Dataset entries:
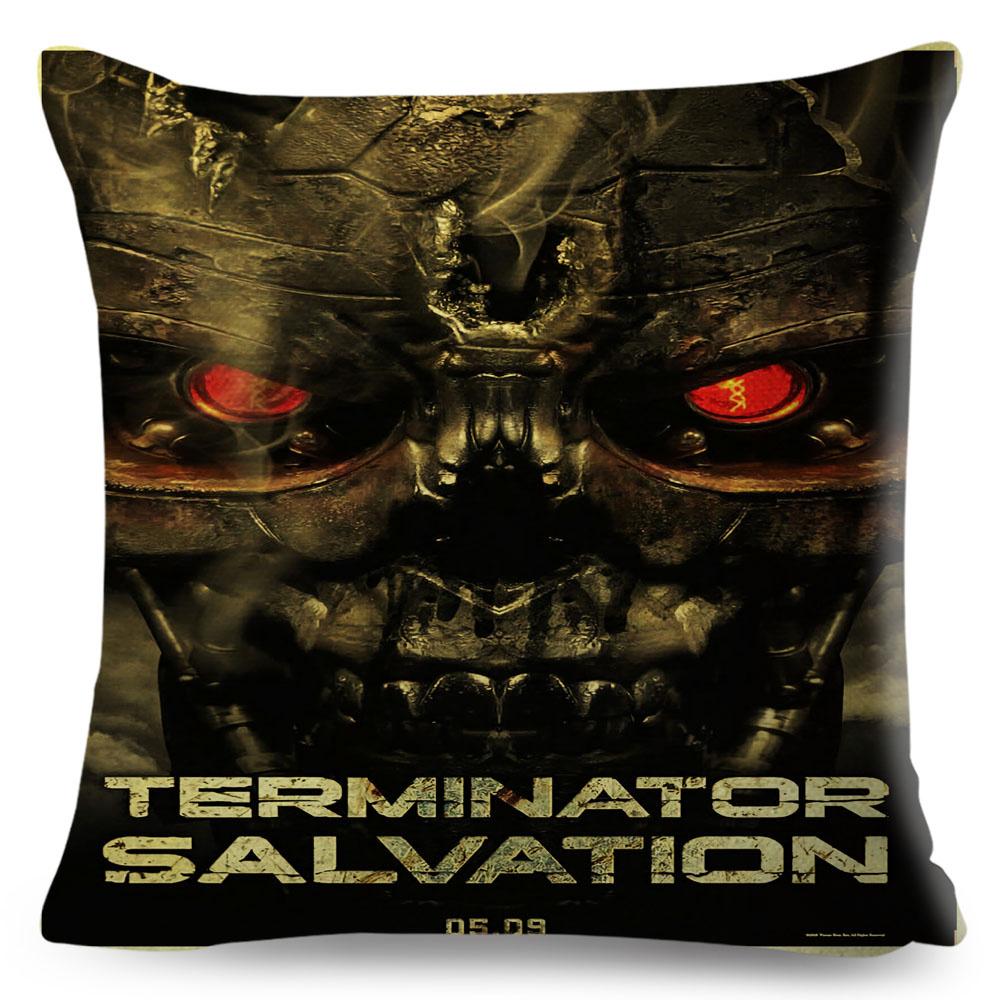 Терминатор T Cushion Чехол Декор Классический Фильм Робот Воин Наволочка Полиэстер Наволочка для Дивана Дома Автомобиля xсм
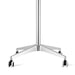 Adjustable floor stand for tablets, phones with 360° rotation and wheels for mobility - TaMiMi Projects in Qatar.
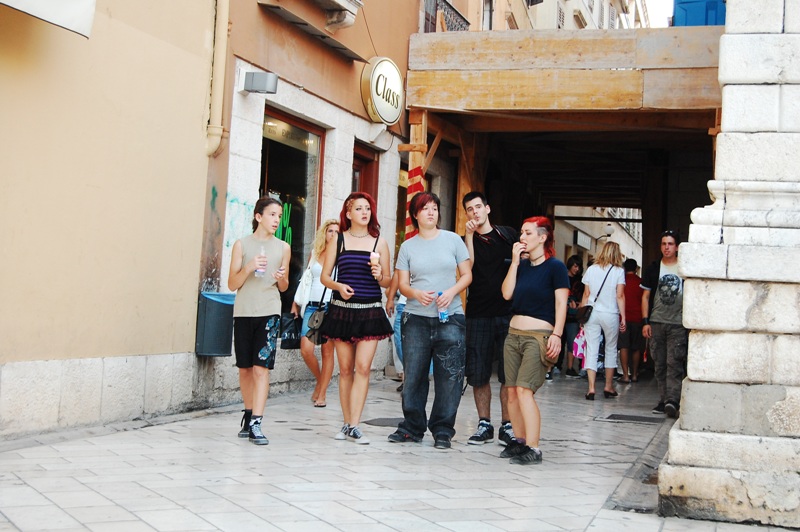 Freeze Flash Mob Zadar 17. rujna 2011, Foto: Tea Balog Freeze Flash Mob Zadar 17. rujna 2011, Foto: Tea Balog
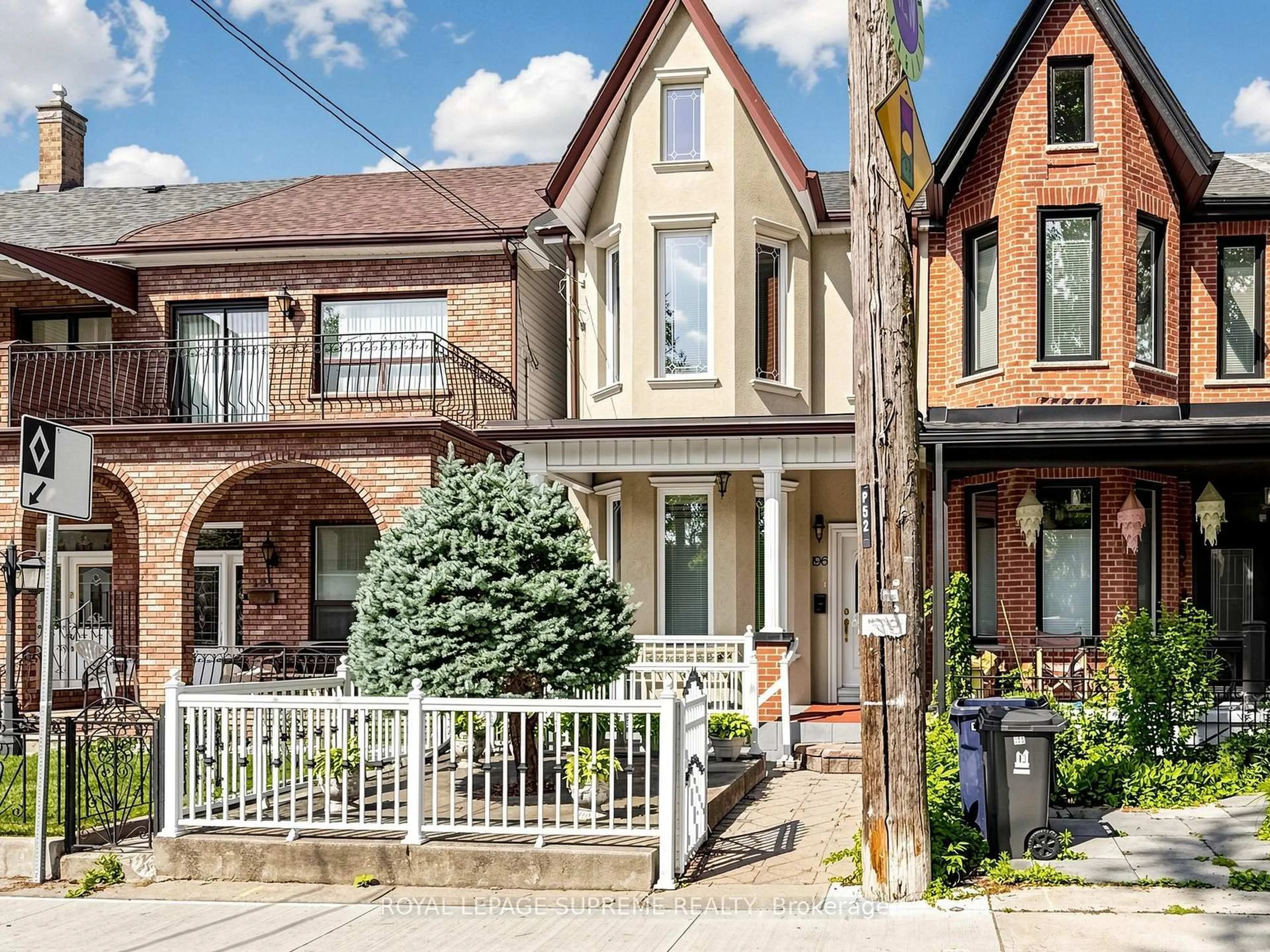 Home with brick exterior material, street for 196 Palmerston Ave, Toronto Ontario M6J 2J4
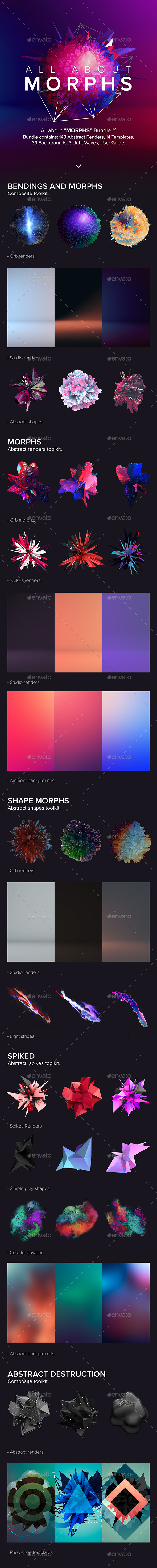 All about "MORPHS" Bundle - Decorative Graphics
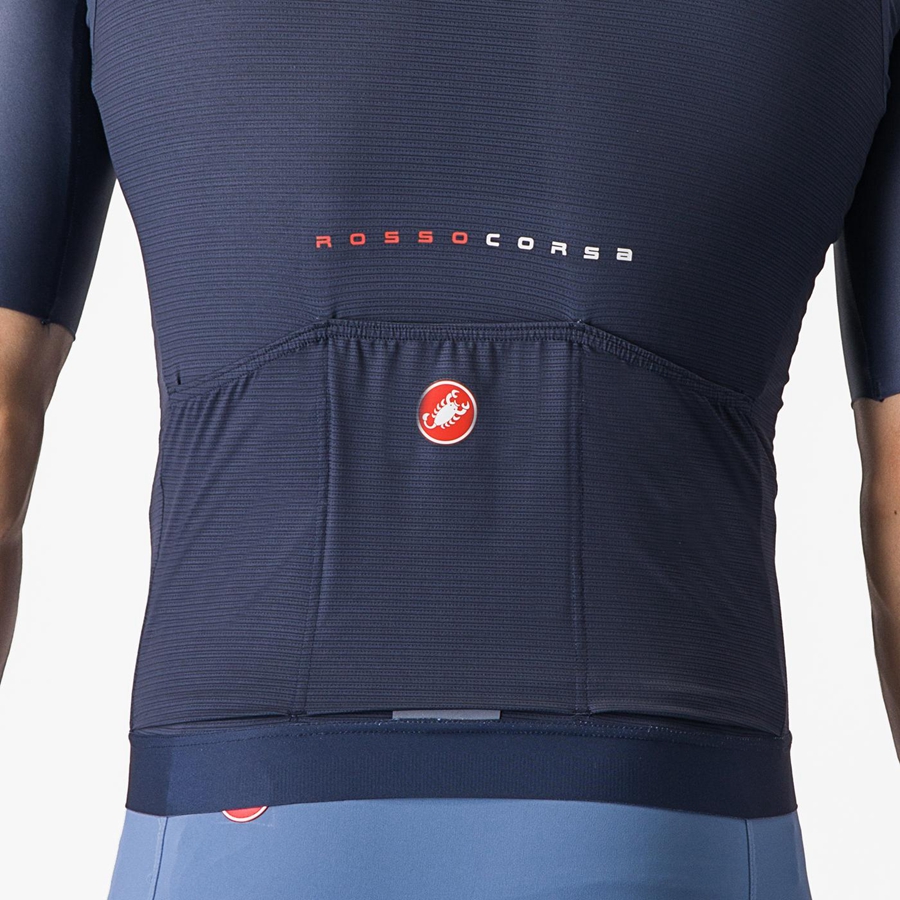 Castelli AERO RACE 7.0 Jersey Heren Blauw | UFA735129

To do: Reproduce exactly, without any picture, the lines from the one bearing "Adjustable floor stand" to the last line of the records above.

Task answer:
 Adjustable floor stand for tablets, phones with 360° rotation and wheels for mobility - TaMiMi Projects in Qatar.
 Freeze Flash Mob Zadar 17. rujna 2011, Foto: Tea Balog Freeze Flash Mob Zadar 17. rujna 2011, Foto: Tea Balog
 Home with brick exterior material, street for 196 Palmerston Ave, Toronto Ontario M6J 2J4
 All about "MORPHS" Bundle - Decorative Graphics
 Castelli AERO RACE 7.0 Jersey Heren Blauw | UFA735129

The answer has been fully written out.